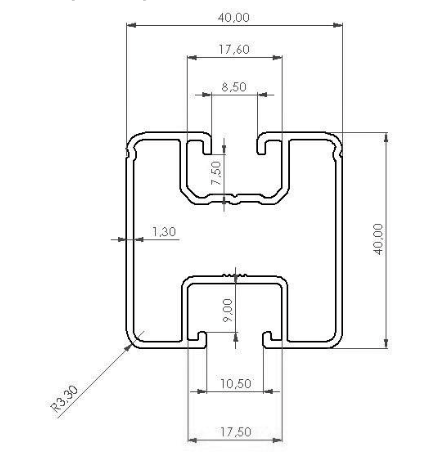 Montageprofiel aluminium 40x40x1200 zwart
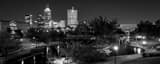 Panoramic The Indianapolis Skyline from the St Clair Street Bridge black and white Photography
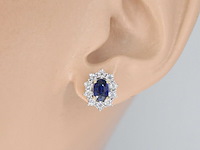 Gouden oorbellen met diamanten en saffier - afbeelding 4 van  11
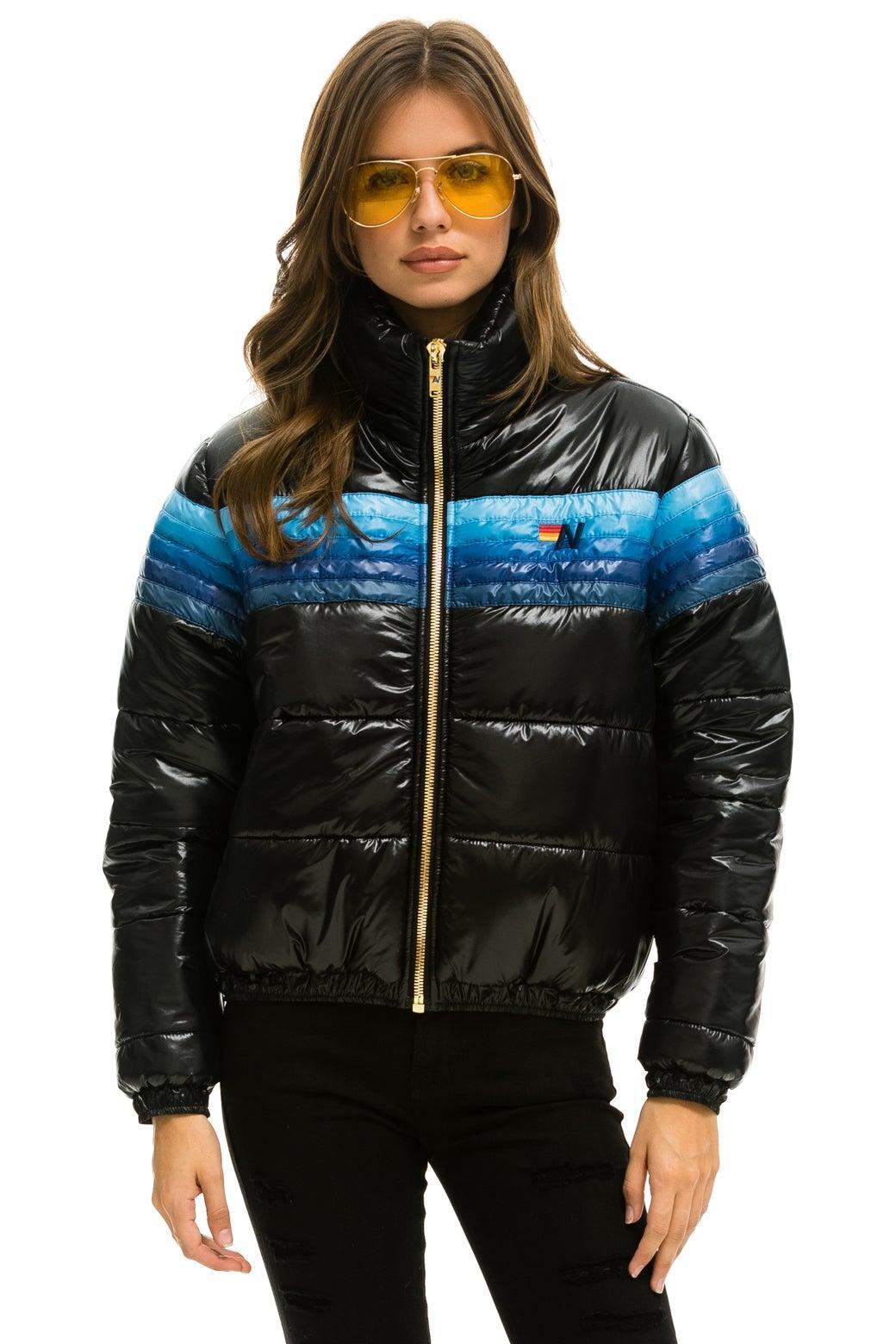 5 STRIPE LUXE APRES PUFFER JACKET - GLOSSY BLACK // BLUE STRIPES Female Product Image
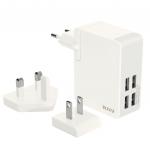 Leitz Complete Traveller USB Wall Charger with 4 USB ports 24 Watt. EU, UK and US plug. For tablets and smartphones. White 62190001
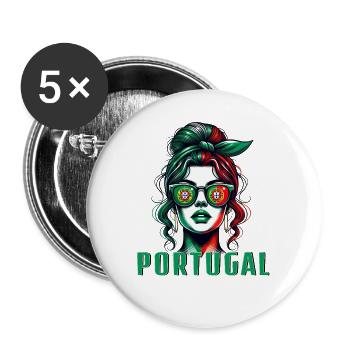 Portugal Frau Dutt Portugiesische Flagge Stolz - Buttons groß 56 mm (5er Pack) - Weiß - Vorne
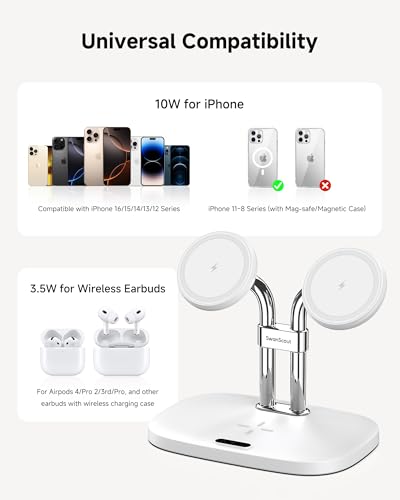 Dual Wireless Charger for iPhone 17, SwanScout 706M, White | Dual Magnetic Charger for iPhone Air/16/15/14/13/12 Series, Charging Station for AirPods Pro 3/2, AirPods 4/3 - color: White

▶ **Required work**: Once the line with "Panoramic The Indianapolis" is found in the data above, reproduce it and each line after it exactly, through the line with "5 STRIPE LUXE". Omit the pictures.

▶ **Output**:
 Panoramic The Indianapolis Skyline from the St Clair Street Bridge black and white Photography
 Gouden oorbellen met diamanten en saffier - afbeelding 4 van  11
 5 STRIPE LUXE APRES PUFFER JACKET - GLOSSY BLACK // BLUE STRIPES Female Product Image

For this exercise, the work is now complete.